→ Work to be completed
Retype the records below from their first line through the line holding "Floorplan of Homely", including both ends and no pictures.

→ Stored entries
+ + +

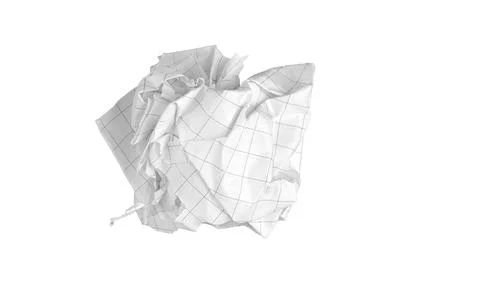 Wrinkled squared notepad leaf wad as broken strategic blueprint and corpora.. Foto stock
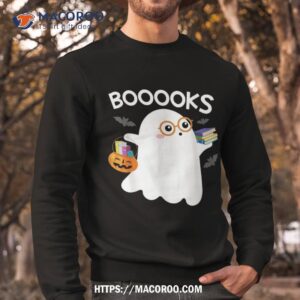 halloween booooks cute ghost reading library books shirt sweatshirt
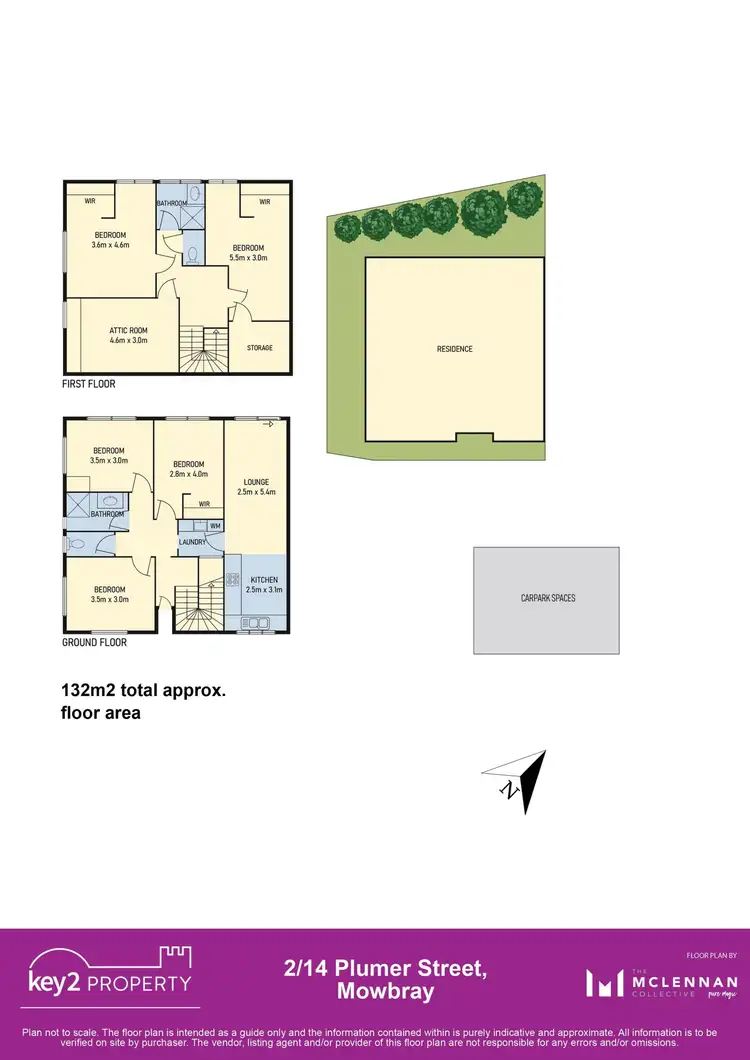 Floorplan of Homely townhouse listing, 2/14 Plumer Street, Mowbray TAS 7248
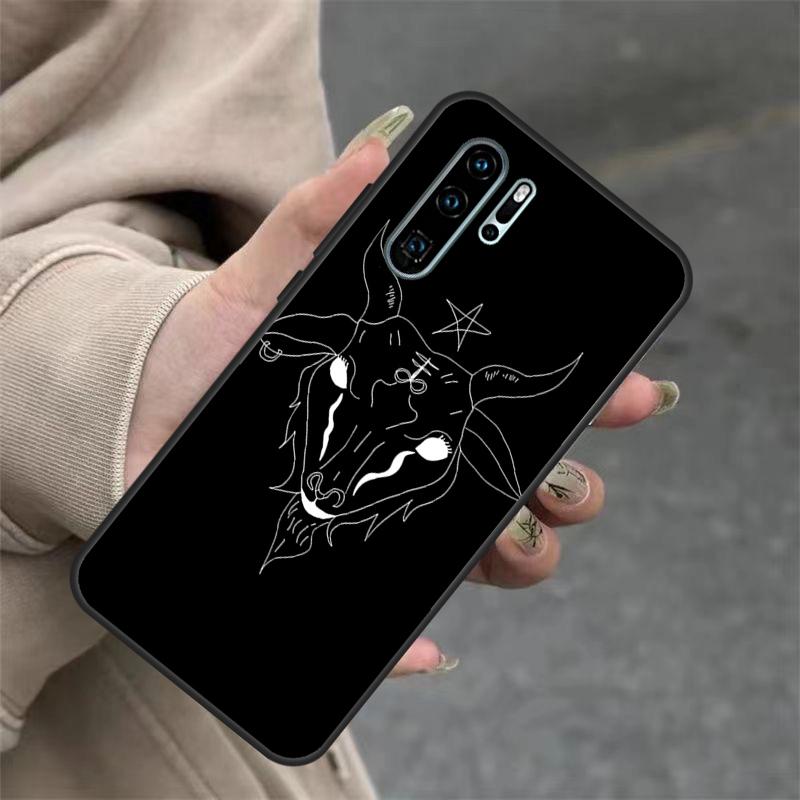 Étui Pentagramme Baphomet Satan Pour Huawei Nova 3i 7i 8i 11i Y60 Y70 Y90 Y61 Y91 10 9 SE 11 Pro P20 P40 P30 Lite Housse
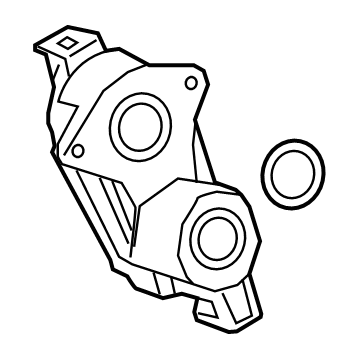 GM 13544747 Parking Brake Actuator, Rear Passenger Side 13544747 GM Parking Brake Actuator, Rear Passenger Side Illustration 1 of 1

+ + +

→ Answer area
 Wrinkled squared notepad leaf wad as broken strategic blueprint and corpora.. Foto stock
 halloween booooks cute ghost reading library books shirt sweatshirt
 Floorplan of Homely townhouse listing, 2/14 Plumer Street, Mowbray TAS 7248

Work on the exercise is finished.